The standard adult dose of ALFENTA is: Intravenous: Initial dose 8-20 mcg/kg (0.5-1 min) then 0.5-3 mcg/kg/min or 3-5 mcg/kg q5-20min. For short procedures: 8-20 mcg/kg. For longer procedures: 50-75 mcg/kg followed by 0.5-3 mcg/kg/min.. The standard adult dose of POMALYST is: 4 mg orally once daily on days 1-21 of repeated 28-day cycles in combination with dexamethasone, for multiple myeloma; for Kaposi sarcoma, 5 mg orally once daily on days 1-21 of 28-day cycles.. Dosing should always be individualized based on indication, renal and hepatic function, age, and other patient factors.
No direct drug-drug interaction has been formally documented between ALFENTA and POMALYST in current clinical databases. However, individual patient risk factors including other medications, organ function, and comorbidities should always be evaluated by a qualified healthcare provider.
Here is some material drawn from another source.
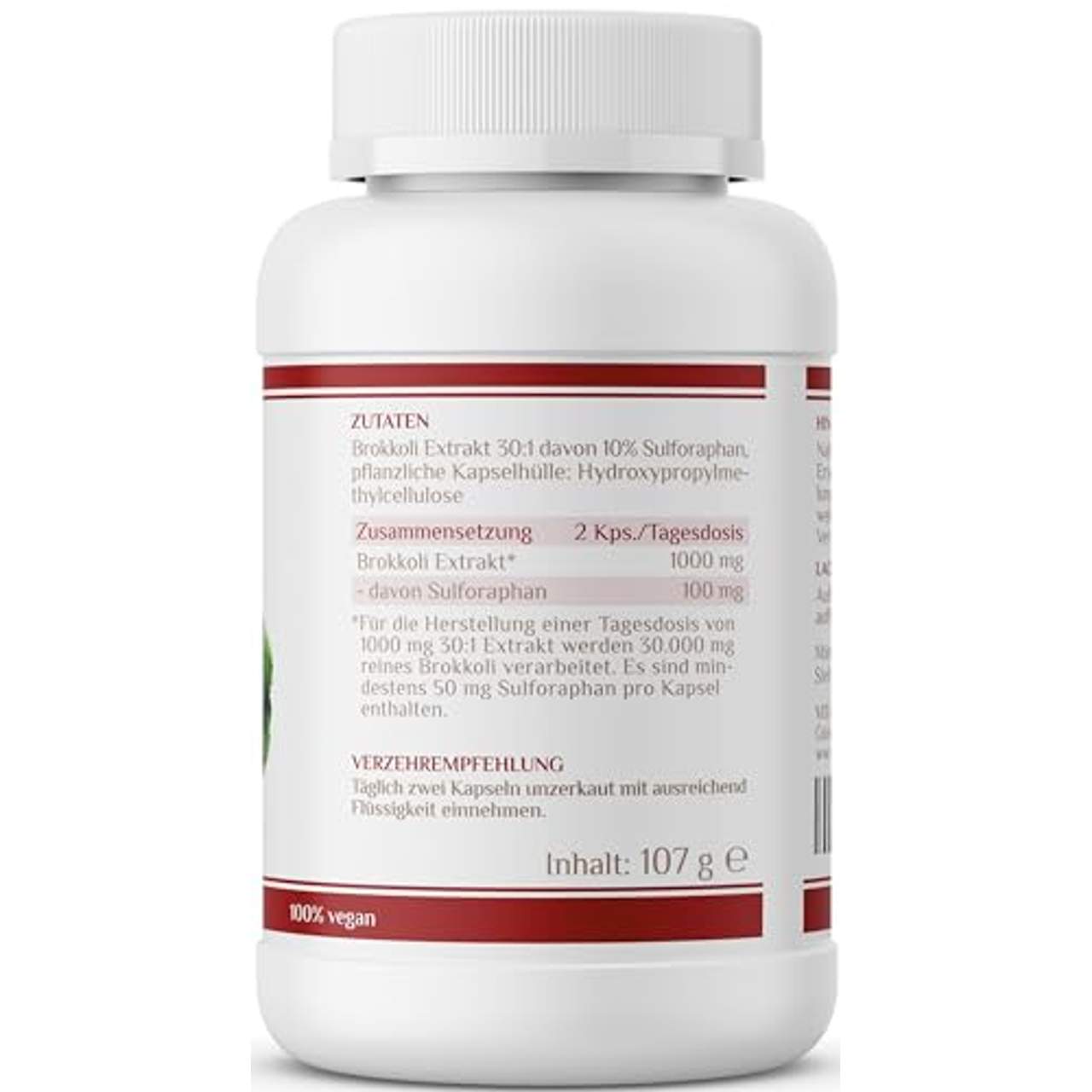 Sulforaphan I 50 mg pro Kapsel I hochdosiert aus 500 mg Brokkoli Extrakt I 120 vegane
The maternal-fetal safety profiles differ. ALFENTA is classified as Category C. Alfentanil, a short-acting opioid analgesic, is classified as FDA Pregnancy Category C. No well-controlled studies in pregnant women exist. In animal studies, no teratogenic effect. POMALYST is classified as Category C. Pomalidomide is an immunomodulatory drug (IMiD) structurally related to thalidomide, a known human teratogen. It is contraindicated in pregnancy due to high risk of severe birth de. Always consult a maternal-fetal medicine specialist before taking either drug during pregnancy or lactation.